It’s unusual, just the two of us drinking. Typically, however, our wives join us, but tonight they both reluctantly went to the same family baby shower. We were going to spend our Saturday night at the bar anyway, just us, but his arthritic foot is troubling him. Staying in doesn’t bother me. I rather enjoy an evening in the dining room—it reminds me of Christmas as a kid. I’m nostalgic like that.

The row of low-level cupboards beneath the buffet catches my eye and I chuckle.

“Do you remember when you bought us a Nintendo? What, 1986 or something? We played it right here on a little ten-inch TV.”

My dad smiles and turns around to face toward the kitchen, as though looking at the empty shelf where a video game console used to reside will jog his memory. I guess it did for me.

“I do remember! We didn’t really play, though. I took a five-second turn, and then you played for twenty minutes.”

“Yeah, I don’t get it. How could a little boy who never played video games be better than a thirty-three-year-old man who never played video games?” It wasn’t uncommon for me to tease my dad. Actually, it wasn’t uncommon for anyone in our family to tease my dad. It’s probably because he exhibits less vanity and egotism than anybody I’ve ever met. He not only doesn’t mind the casual ribbing but—particularly when it makes his sons or wife look better than him—embraces the barbs.

“Seriously. You kids pick up things way faster than I ever did,” he boasts.

“But check it out. Do you remember when I was lying down right there, playing Mario, with my feet on the glass cupboard?”

“And you kicked it out and shattered it?”

“Yes! And you never replaced it, look! Why didn’t you ever get new glass?” I ask.

“I don’t know. Maybe we cut our losses, figuring you kids’d just break it again. We had to be smart about that kind of stuff. Remember, bacon or bowling.”

His signature phrase.

“We could only afford one or the other when you were a kid. Your mom and I had to pick every week—bacon or bowling. We couldn’t have both.”

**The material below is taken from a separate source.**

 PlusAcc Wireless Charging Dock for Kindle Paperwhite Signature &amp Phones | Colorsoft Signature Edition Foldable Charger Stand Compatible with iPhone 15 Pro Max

Fathers have a way of forgetting that they’ve told you the same thing monthly for a decade.

“I know, Pop.”

•••

Last week an eleven-year-old boy named Jacob was kidnapped from the streets of Saint Joseph, Minnesota. The effect on Jacob’s family has been obvious, but his kidnapping has also torn the tightly knit social fabric of the entire town.

•••

Just this year, my dad installed a flat-screen television above the fireplace. It doesn’t really fit; it’s mounted in front of cabinet doors, trapping inside more dusty, old dishware. My mother could’ve squashed the plan with a single sternly worded sentence, and she knows that. But now she gets the best of both worlds: when someone voices their objection to its poor placement, she can say, “I know, it looks ridiculous, right?” But she also gets to watch the Vikings while warming herself by the fire.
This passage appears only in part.